# Out of Home Streaming Technical Architecture



## dlcrow (Sep 26, 2002)

Has anyone discovered and/or described the technical architecture behind out of home streaming?

It appears to be firewall friendly and doesn't require opening ports for connectivity to be initiated from the destination device, so I'm wondering if every TiVo and/or Stream now has a constant open connection that allows instantaneous connectivity between an out-of-home device and the TiVo. Perhaps some type of long polling architecture is being used?


----------



## Dan203 (Apr 17, 2000)

It's currently using a proxy. They're working on an option that will allow you to use a more direct port forwarding method on your home router, but it's not ready yet.


----------



## Time_Lord (Jun 4, 2012)

Based upon what I can see the Stream keeps a session open to 136.179.5.135 on tcp port 1195. The IP address is owned by TiVO.

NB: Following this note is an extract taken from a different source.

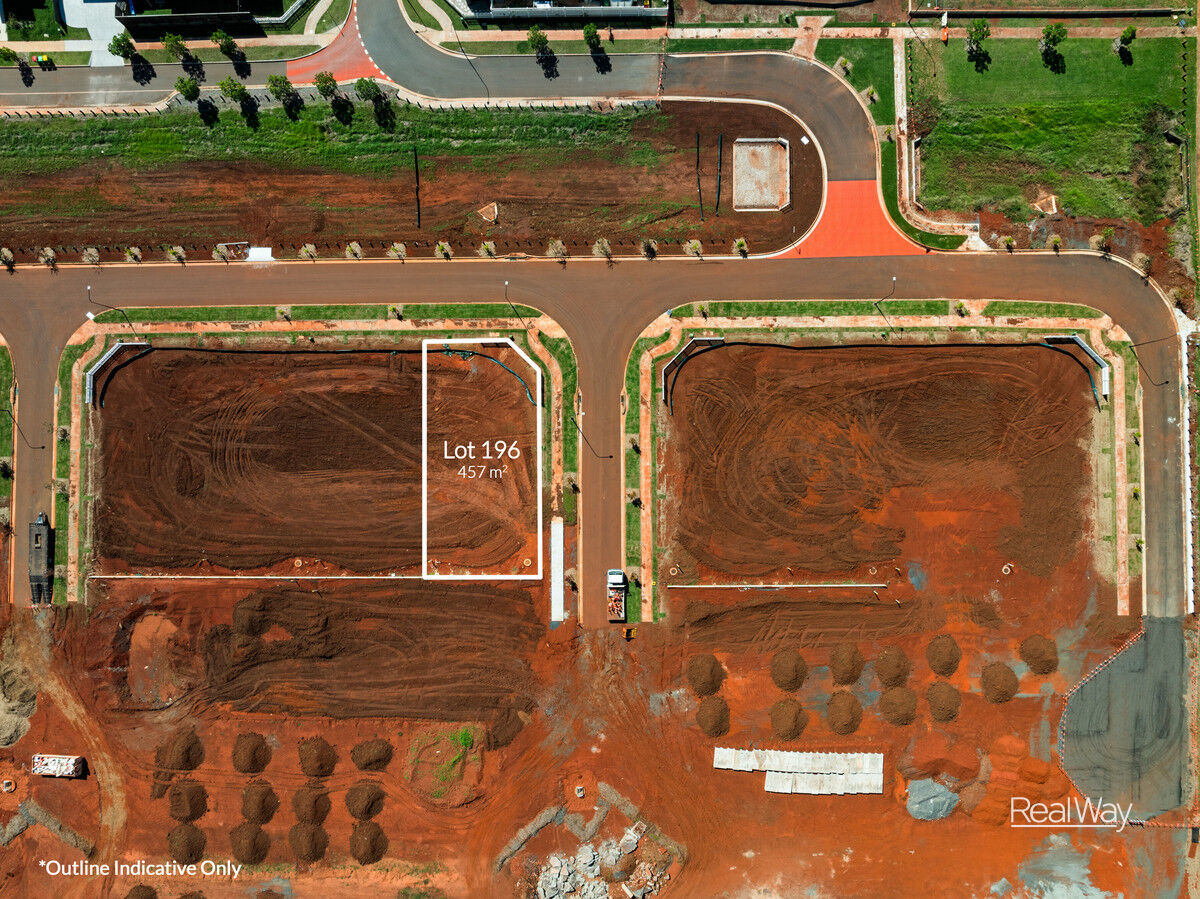 Lot 196 / 32 Turton Street, Highfields QLD 4352, Highfields - Thumbnail 2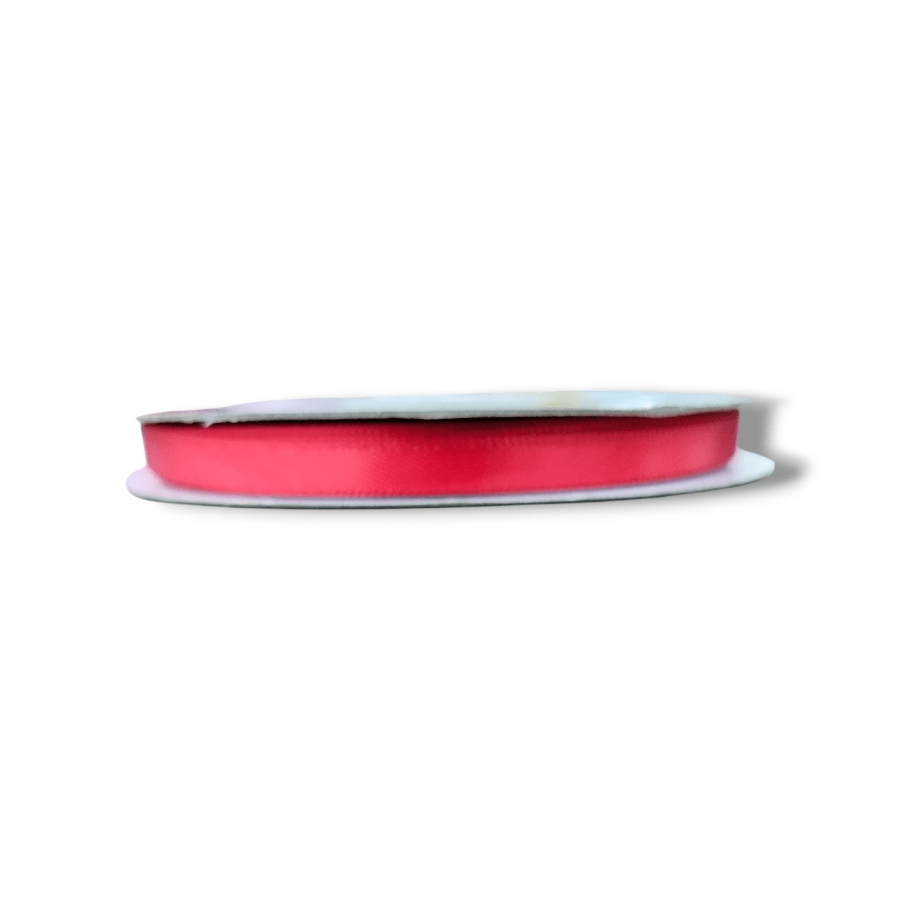 MHC Ribbon Collection Rouge Satin Ribbon 6mm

This is how its firewall/NAT friendly, the connection is initiated from inside your network and left up.


----------



## ellinj (Feb 26, 2002)

Is there some advantage of direct streaming or is this simply a resource reduction for Tivo?


----------



## moyekj (Jan 24, 2006)

ellinj said:


> Is there some advantage of direct streaming or is this simply a resource reduction for Tivo?


 Eliminating a Proxy means one less potential source of failure plus should speed things up. The reason they implemented the proxy is for simplifying setup rather than having to ask user to forward port(s) in their router (and having to use static IP for the TiVo Stream as well which currently user has no control over). They also could have gone with uPNP which is perhaps what they are planning to do eventually to eliminate proxy and need for manual port forwarding in router.


----------



## Dan203 (Apr 17, 2000)

The Slingbox uses uPNP by default but offers an option for manual port forwarding if your router doesn't support uPNP. Personally I don't like automated options like uPNP because I like to know what's going on in my network, but I can understand why TiVo/Sling would want something like that for less technical users.


----------